%%

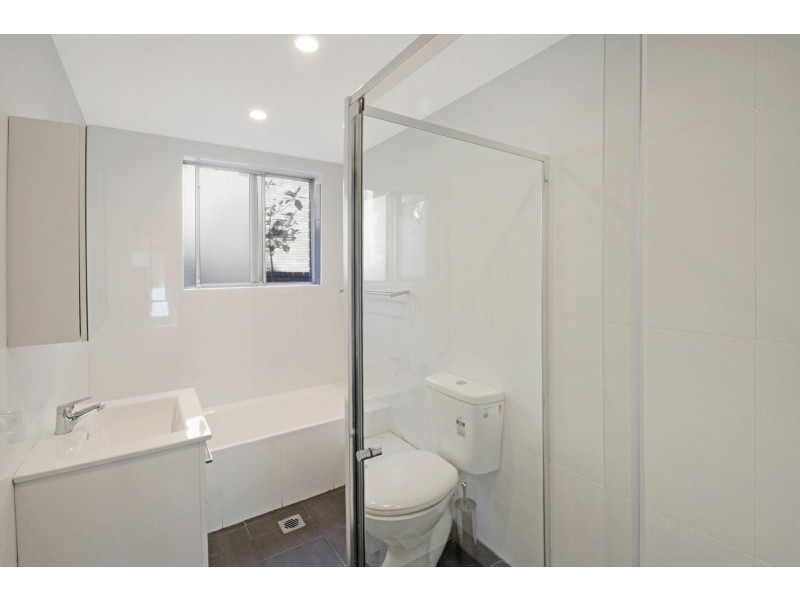 2/96 Burns Bay Road, Lane Cove NSW 2066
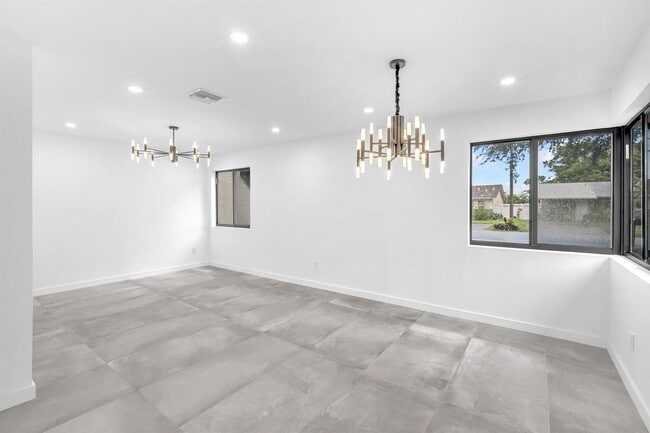 Photo - 2460 SW 58th Mnr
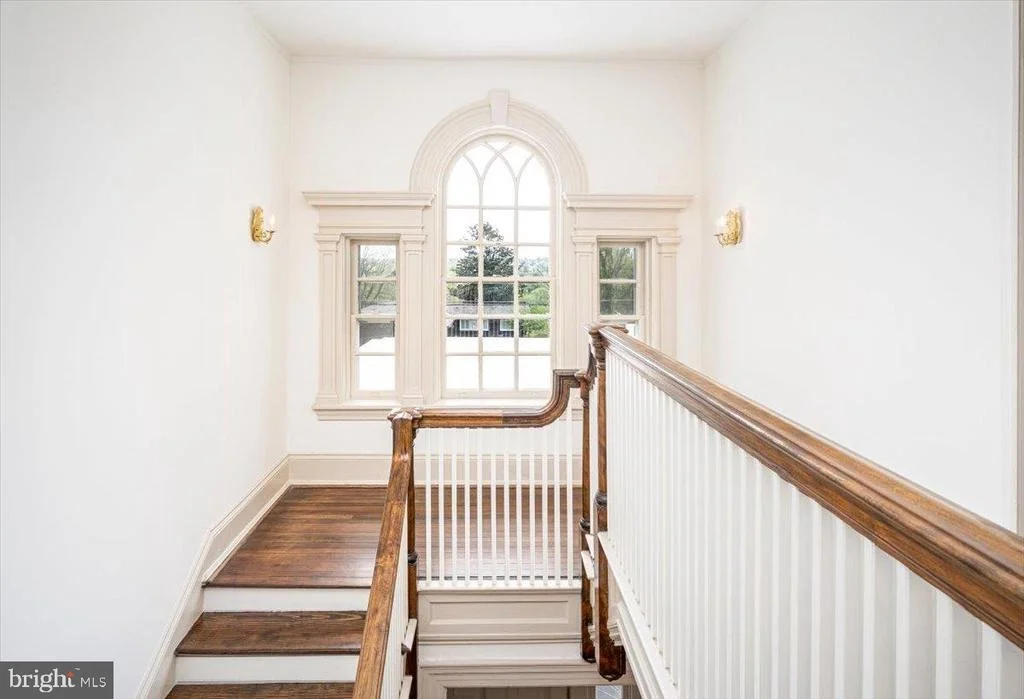Photo of 54 RIDGE ROAD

%%

Repeat the listing verbatim without its pictures.

 2/96 Burns Bay Road, Lane Cove NSW 2066
 Photo - 2460 SW 58th Mnr
Photo of 54 RIDGE ROAD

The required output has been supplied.